Pipeline Usage
This page details the usage of RAIL in pipeline mode. A RAIL pipeline is an ordered arrangement of RAIL stages, with defined inputs, outputs, and configurations. Like with stages, running RAIL via pipelines is configurable and reproducible. It is the recommended mode of usage for:
well-defined workflows
operating on large data sets
workflows that make use of parallelization
To learn more about RAIL stages, visit the What Are RAIL Stages? page.
What does a pipeline do? Why would you want to make a pipeline?
A RAIL pipeline is a directed acyclic graph of RAIL stages, defined by the
guarantee that the inputs to each stage either exist already or are produced as
output of earlier stages in the pipeline. A pipeline is defined by two .yml
files, containing:
All the configuration parameters for every stage in the pipeline, including each stage’s name and its inputs and outputs
The order in which the stages are to be run
With pipelines, a user can reproduce workflows and outputs. Pipelines allow a user to detail the order of stages to be run, as well as the inputs, outputs, and settings of each stage, prior to execution. Pipelines can also be parallelized.

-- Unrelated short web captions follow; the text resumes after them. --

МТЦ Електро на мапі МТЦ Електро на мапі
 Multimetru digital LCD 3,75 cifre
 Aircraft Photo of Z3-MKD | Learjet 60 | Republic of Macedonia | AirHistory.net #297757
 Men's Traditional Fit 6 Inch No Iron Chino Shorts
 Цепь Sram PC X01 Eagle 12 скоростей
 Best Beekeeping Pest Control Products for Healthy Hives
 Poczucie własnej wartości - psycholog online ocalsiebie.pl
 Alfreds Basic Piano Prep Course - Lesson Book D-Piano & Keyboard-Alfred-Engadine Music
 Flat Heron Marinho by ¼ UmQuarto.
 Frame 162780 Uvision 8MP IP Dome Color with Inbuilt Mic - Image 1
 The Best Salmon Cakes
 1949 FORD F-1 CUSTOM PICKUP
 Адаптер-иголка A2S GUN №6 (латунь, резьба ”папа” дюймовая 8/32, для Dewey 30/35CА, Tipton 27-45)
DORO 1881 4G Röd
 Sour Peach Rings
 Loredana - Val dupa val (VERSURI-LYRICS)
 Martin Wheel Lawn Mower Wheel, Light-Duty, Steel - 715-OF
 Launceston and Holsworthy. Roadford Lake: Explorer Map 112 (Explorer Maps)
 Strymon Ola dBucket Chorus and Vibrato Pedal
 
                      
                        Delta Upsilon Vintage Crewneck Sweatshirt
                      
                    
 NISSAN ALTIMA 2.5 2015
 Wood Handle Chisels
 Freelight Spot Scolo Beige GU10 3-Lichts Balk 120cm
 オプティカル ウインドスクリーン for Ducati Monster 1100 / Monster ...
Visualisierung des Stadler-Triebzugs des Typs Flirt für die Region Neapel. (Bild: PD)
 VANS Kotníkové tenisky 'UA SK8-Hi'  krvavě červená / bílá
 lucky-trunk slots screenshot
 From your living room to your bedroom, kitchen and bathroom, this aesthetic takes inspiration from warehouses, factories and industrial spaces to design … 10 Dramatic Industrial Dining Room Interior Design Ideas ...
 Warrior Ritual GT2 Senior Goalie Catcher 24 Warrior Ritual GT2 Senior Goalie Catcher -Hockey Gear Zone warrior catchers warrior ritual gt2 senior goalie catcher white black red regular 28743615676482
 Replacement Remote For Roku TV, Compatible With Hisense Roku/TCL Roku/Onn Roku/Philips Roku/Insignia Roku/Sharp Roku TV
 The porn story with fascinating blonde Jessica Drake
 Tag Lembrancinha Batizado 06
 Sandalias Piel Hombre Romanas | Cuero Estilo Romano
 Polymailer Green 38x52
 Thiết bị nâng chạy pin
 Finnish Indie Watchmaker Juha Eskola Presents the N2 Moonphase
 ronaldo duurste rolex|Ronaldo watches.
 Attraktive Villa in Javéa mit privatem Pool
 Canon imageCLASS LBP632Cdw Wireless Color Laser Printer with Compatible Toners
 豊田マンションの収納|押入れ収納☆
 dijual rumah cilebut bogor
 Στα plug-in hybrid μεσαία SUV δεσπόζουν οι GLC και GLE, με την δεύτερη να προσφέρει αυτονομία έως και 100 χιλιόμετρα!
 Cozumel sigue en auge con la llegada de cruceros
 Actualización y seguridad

Thus, an example use case would be running RAIL on HPC systems, where the configuration method and parallelization are suited for that workflow.
This is an example of how RAIL stages are arranged in a RAIL pipeline.
To learn how to run RAIL in an exploratory environment, visit the Interactive Usage page.
Pipeline API
RAIL Pipelines are run via the ceci framework. Execution of a pipeline
entails an initialize() step, in which ceci checks that each stage’s
inputs either exist or will be produced by an earlier stage in the pipeline,
followed by a run() step to actually perform the specified calculations.
To learn more about ceci, visit the ceci documentation.
rail.core.RailPipeline is the base class for all RAIL pipelines.
Subclasses can build particular types of analysis pipelines subject to some
configuration choices, such as which algorithms to use.
- class rail.core.RailPipeline
A pipeline intended for interactive use
Mainly this allows for more concise pipeline specification, along the lines of:
self.stage_1 = Stage1Class.build(…) self.stage_2 = Stage2Class.build(connections=dict(input=self.stage1.io.output), …)
And end up with a fully specified pipeline.
- __init__()
Create a MiniRunner Pipeline
In addition to parent initialization parameters (see the Pipeline base class), this subclass can take these optional keywords.
- Parameters:
callback (function(event_type: str, event_info: dict)) – A function called when jobs launch, complete, or fail, and when the pipeline aborts. Can be used for tracing execution. Default=None.
sleep (function(t: float)) – A function to replace time.sleep called in the pipeline to wait until the next time to check process completion Most normal usage will not need this. Default=None.
- Return type:
None
- classmethod __new__(*args, **kwargs)
Making a pipeline configuration file
- static RailPipeline.build_and_write(class_name, output_yaml, input_dict=None, stages_config=None, output_dir='.', log_dir='.', **kwargs)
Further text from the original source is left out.